A few minutes’ walk from Paddington Station is a drinking den and restaurant called the Frontline Club, a members’ club for foreign correspondents.
A few minutes’ walk from Paddington Station is a drinking den and restaurant called the Frontline Club, a members’ club for foreign correspondents. Among the characters you might find banging on the bar, wedged between Rick Beeston of the Times, Jason Burke of the Observer, and gentleman freelancers such as Aidan Hartley or Sam Kiley, is James Brabazon, an award-winning documentary filmmaker specialising in war zones.

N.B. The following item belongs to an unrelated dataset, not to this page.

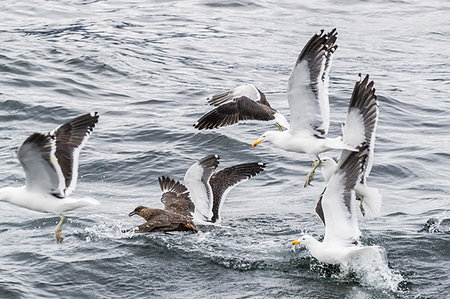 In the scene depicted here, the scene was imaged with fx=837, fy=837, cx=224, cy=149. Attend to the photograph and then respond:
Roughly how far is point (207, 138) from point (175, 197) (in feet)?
12.1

Though there are plenty of female stars, such as the redoubtable Marie Colvin, with her fantastic hair and piratical eye-patch, this is still a fairly macho world. Like the Goldman Sachs boys, foreign correspondents make sheep and goats distinctions between those who are (in the parlance) ‘big swinging dicks’ and those who are not. Brabazon’s book My Friend the Mercenary tells the intriguing tale of how he became one.

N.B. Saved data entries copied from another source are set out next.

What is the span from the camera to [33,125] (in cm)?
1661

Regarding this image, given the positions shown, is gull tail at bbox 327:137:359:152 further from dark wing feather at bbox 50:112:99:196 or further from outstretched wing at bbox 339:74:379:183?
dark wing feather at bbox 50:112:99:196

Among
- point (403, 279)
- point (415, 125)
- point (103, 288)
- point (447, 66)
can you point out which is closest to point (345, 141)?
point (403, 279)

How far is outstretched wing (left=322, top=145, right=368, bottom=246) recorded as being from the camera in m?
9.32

The story begins in a luxury hotel in Johannesburg in 2002. Brabazon is still quite green when he is introduced to Nick du Toit, a South African mercenary. Du Toit will later become involved in the so-called ‘Wonga Coup’, the tragicomic plot that hoped to topple the nasty, oil-rich regime of President Teodoro Obiang Nguema of Equatorial Guinea. The same that saw Old Etonian professional soldier Simon Mann landed with a spell first in a Zimbabwean and then an Equatoguinean jail, and Mark Thatcher faced with a fine of $450,000 dollars.
With du Toit as his minder, Brabazon undertakes two journeys in Liberia; where he films the hapless campaign of armed LURD rebels to unseat the dictator Charles Taylor. These trips are made in gruelling jungle conditions, in the company of the drug-crazed, rap-fixated, fright-wigged gang-bangers whose images became the signature of the Liberian and Sierra Leonian civil wars.